Still frames from Strikes at Time by Raqs Media Collective

Strikes at Time is an installation with 2 channel video projection and audio by Raqs Media Collective. The work weaves together found text from a worker’s diary with annotations from Jacques Rancière’s The Nights of Labor, that transpose thoughts on the experience of time through fatigue, twilight, and mythology. Somehow the work makes sense of lost time. At times still, lucid, and slow, whilst at others, jittery, fast, and tumultuous.

Anarchic dreams know no limit. Everything else was ordinary.

Holding all the beauty of a Rembrandt still life and the atmosphere of a Landscape by Caspar David Friedrich, Strikes at Time is a haunting allegory for experiencing twilight — in all its tenebrous timelessness. Like the nature of twilight, this work shows connections between all of us, the same sky, the same change, the same glazed fatigue in finishing a long day. After seeing this at the Whitworth in 2017 — as part of Raqs Media Collective’s first major UK show, I was mesmerised by it’s atmospheric qualities — a trance or feeling of reverie was encountered by absorbing myself into it.

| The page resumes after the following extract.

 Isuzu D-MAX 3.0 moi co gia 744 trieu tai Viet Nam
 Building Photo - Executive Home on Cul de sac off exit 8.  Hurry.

The video resonates with deep ultramarine blue and warm incandescent orange. The orange is particularly evocative and after seeing this work, ordinary street lights are illuminated in my mind. I walk home after a long day under an incandescent glow that seems to soothe and nourish, like candlelight, should I choose to bathe in it’s rich tungsten flare. My experience of nocturnal street light is one of slowness, warmth, and longing. Longing perhaps for the warmth of my home, the promise of tomorrow, or the unwritten poetry of today.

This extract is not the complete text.